Hatred. The word is like a punch in the face. The very diction has a poignant hiss. When I've heard the word said, I notice that there seems to be well placed emphasis on the sound of the first letter. It's like the speaker wants to you to listen up and take notice of what's coming. No one ever asks what it means. It always leaves me with a slimy feeling in my spirit to hear the word spoken.
I've been on both sides of the fence. Lately, it's me feeling the sting. Not an overwhelming blow that takes you out in one round but a constant stream of short little snaps. Just when you think that last one stopped smarting it comes again. Snap! I wish it would stop but it's not going to. It might even get worse. You see, I've lived my life pretty harmoniously with most people all my life. I wanted to blend, fit in. Sure, I had this thing that I knew deep down inside me. I told a few people about it and they promised not to judge. They seemed to be fine with it as long as I never talked about it. I would make them feel uncomfortable, they claimed. By seeking to win their approval, I agreed. I could try to live a normal life and forget about what I knew about me. That nagging, that longing to just be me. I hid it for so long. I thought, no one would like me if they knew and once you make a statement like that publicly, well you'd better start living up to it. No, best not to rock the boat. Besides, what would people think?
The truth about me almost got forgotten for a little while. I did such a good job of blending in that I even forgot what I knew about me. You can get good at keeping secrets for a while. Some lies can go on for so long that even you can start to believe them. Then I thought, I could live two lives. Lots of people do it. There could be the me that everyone sees and then the me that only certain people see. I could do that. What would it hurt? It would be better than just keeping it all inside. I could have my little outlet and then I could go back to the me that the world sees and everyone would be happy, except me. What if the little crowd of people who knew the real me saw me out with the rest of the world acting like them? What would I say? Could I tell my little crowd who I was on the outside? Certainly not. They would be upset with me. They'd tell me that I really wasn't like them if I had to hide so I just kept the outside me to myself with my little crowd and hoped that the two would never mix. I thought it would be easy but it started getting really complicated.
There came a day of reckoning between the two. I decided that I couldn't go on pretending to be something I was not. I was tired of feeling ashamed of living two lives and never feeling complete. It's funny, when you have a day like that you all of the sudden don't care what people think any more. You just want to be you. You don't care who knows you or what they say about you. You just want to be you and have everyone love you for who you are or go away quietly.

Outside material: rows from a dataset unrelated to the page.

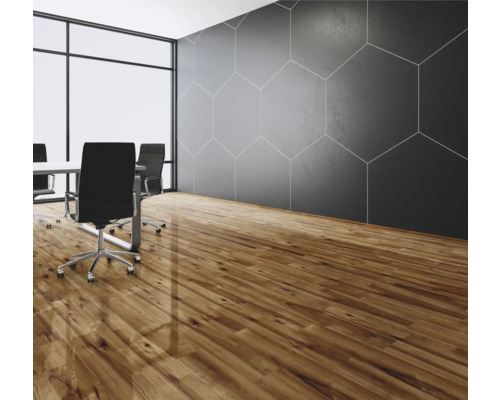 Konferenční místnost s dřevěnou podlahou, konferenčním stolem a kancelářskými židlemi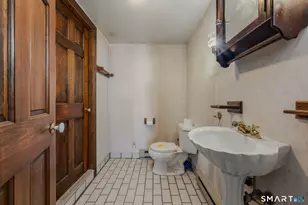 28 Church Ln, East Lyme, CT 06333 - Photo 20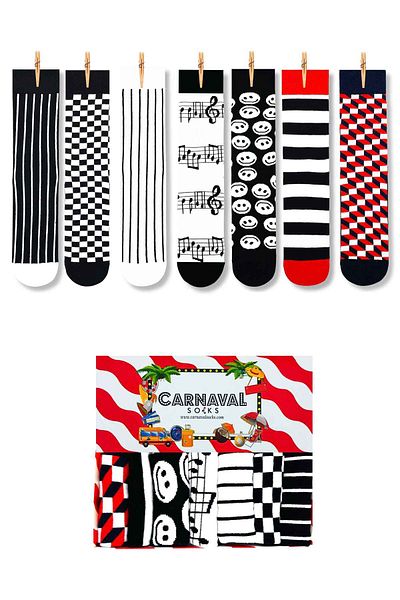 CARNAVAL SOCKS Комплект от 7 черно-бели чорапи в стил „стара школа“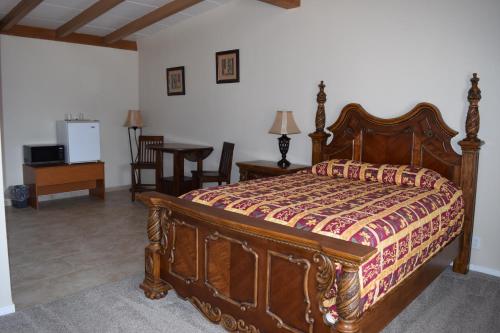 Butterfield Stage Motel — hotel in Deming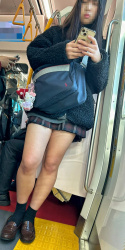 【画像】赤チェの城郷JKの制服姿もたまらんのですよの画像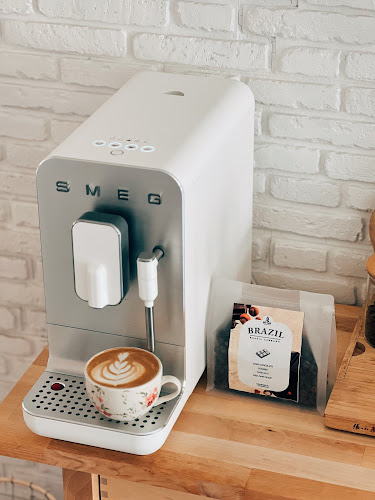 Opinii despre Coffee Clubhouse by Union Motors în Kuala Terengganu - Gastronomi dan perhotelan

I tell everyone about who I am now. I am freer than I've ever been. I've never known joy and peace like I do now. I am loved, wanted, secure and protected. I am whole now. It isn't without it's price though. I had plenty of friends, family even, who told me they loved me for who I am. I believed them. I believe that they almost think that it's true, but they don't. They tell me they accept who I am but then go on and make fun of people just like me. They make jokes, post cartoons making fun of who I am. They criticize what I stand for and what I love about who I am. They tell me that I am okay, it is just the others like me that they don't like. Why am I special? Snap! It stings. Every mention, sneer, jab, joke, sarcastic comment hurts a little at a time. Snap! I try to stand up for myself and all I get is that they are sorry to offend but they don't stop. They want people like me to feel bad about who we are. It's not right, it's not fair but if I want to stand true I am going to have to take a few hits. It's worth it. Being content with who I am is a great payment for the pain.
People who claim that I'm a hater are the ones who hurl the worse things at me. No one wants to have parades to make me feel good about my life decision. You can say whatever you want about me but make sure you get it right when you call me names. I am not a bible thumper, a holy roller or a religious nut. I am a Jesus Freak and I'm proud.